Optimal Aspect Ratio Filtering
By filtering images with abnormal aspect ratios (outside the 2/5 to 5/9 range), model performance improves significantly. This optimization aligns with the standard A4 paper aspect ratio (√2 per ISO 216) that dominates real-world documents.
Current Limitations and Future Directions
Despite its impressive capabilities, POINTS-Reader has certain limitations that represent opportunities for future development:
-
Language support: Currently optimized for English and Chinese, with limited capabilities for other languages -
Handwritten text: Performance is suboptimal with handwritten content like notes and receipts -
Image extraction: The model currently focuses on text, tables, and formulas, without support for image extraction or localization within documents -
Complex layouts: Highly complex layouts (e.g., newspapers with irregular formatting) can still challenge the model
The development team has outlined several priorities for future work:
-
Expansion of multilingual support to cover more languages -
Improved handling of handwritten content through specialized training data -
Extension of capabilities to include image extraction and localization -
Enhanced processing of extremely complex document layouts
Frequently Asked Questions
How does POINTS-Reader differ from traditional OCR tools?
Traditional OCR tools typically focus only on text recognition and struggle with complex elements like tables and formulas. POINTS-Reader is an end-to-end vision-language model that simultaneously processes text, tables, and formulas, outputting structured formats without requiring multiple specialized tools.
What output formats does POINTS-Reader support?
The model uses unified output formats: Markdown for plain text, HTML for tables, and LaTeX for mathematical formulas. This consistent approach simplifies downstream processing and integration.
How can I improve conversion accuracy for difficult documents?
For challenging documents, try increasing the input image resolution to provide more visual information to the model. Adjusting generation parameters like temperature, top_p, and top_k may also help with specific issues like repetition.
Does POINTS-Reader work with handwritten documents?
Current performance with handwritten documents is limited, as the training data primarily contains printed text.
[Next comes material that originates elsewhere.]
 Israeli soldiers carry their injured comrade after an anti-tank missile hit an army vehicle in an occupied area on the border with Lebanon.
This is an area of active development for future versions.
What is the maximum document length POINTS-Reader can process?
The model supports a context length of 8192 tokens, which is sufficient for most single-page documents. For multi-page documents, we recommend processing one page at a time.
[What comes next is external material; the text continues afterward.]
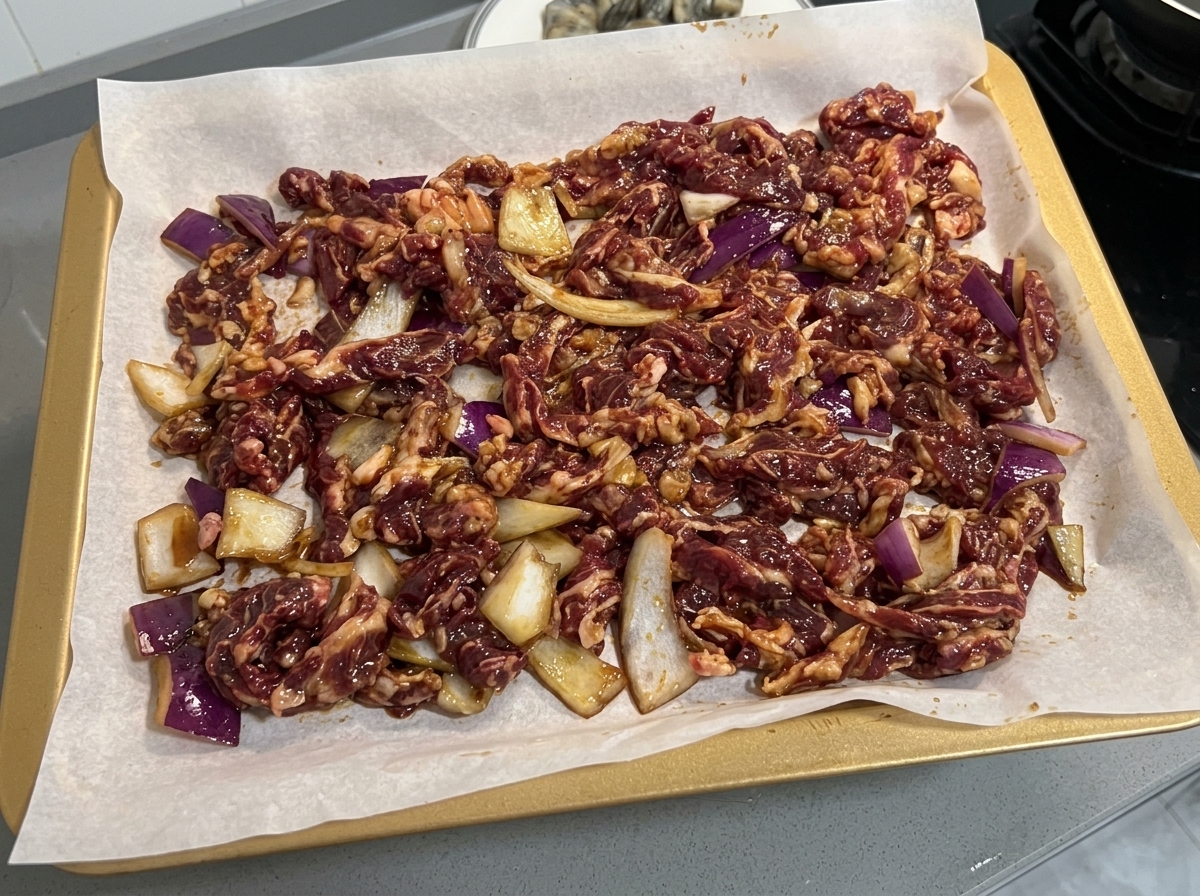 Bœuf mariné et tranches doignon disposés uniformément sur une plaque de cuisson recouverte de papier sulfurisé.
How computationally intensive is POINTS-Reader?
The model is designed for practical deployment, with a 3B parameter language model and 600M parameter visual encoder. With optimization frameworks like SGLang, it achieves satisfactory throughput for production use.
Conclusion
POINTS-Reader represents a significant advancement in document conversion technology by completely eliminating the need for distillation training while achieving state-of-the-art performance. Its novel two-stage approach—combining unified format warm-up with iterative self-improvement—creates a powerful model that excels at extracting text, tables, and formulas from diverse document types.
The model’s strong performance across multiple benchmarks, support for both English and Chinese, and practical deployment characteristics make it a valuable tool for researchers, businesses, and developers working with document digitization and conversion.
As the team continues to address current limitations and expand capabilities, POINTS-Reader is poised to become an increasingly versatile solution for turning complex documents into structured, editable digital content.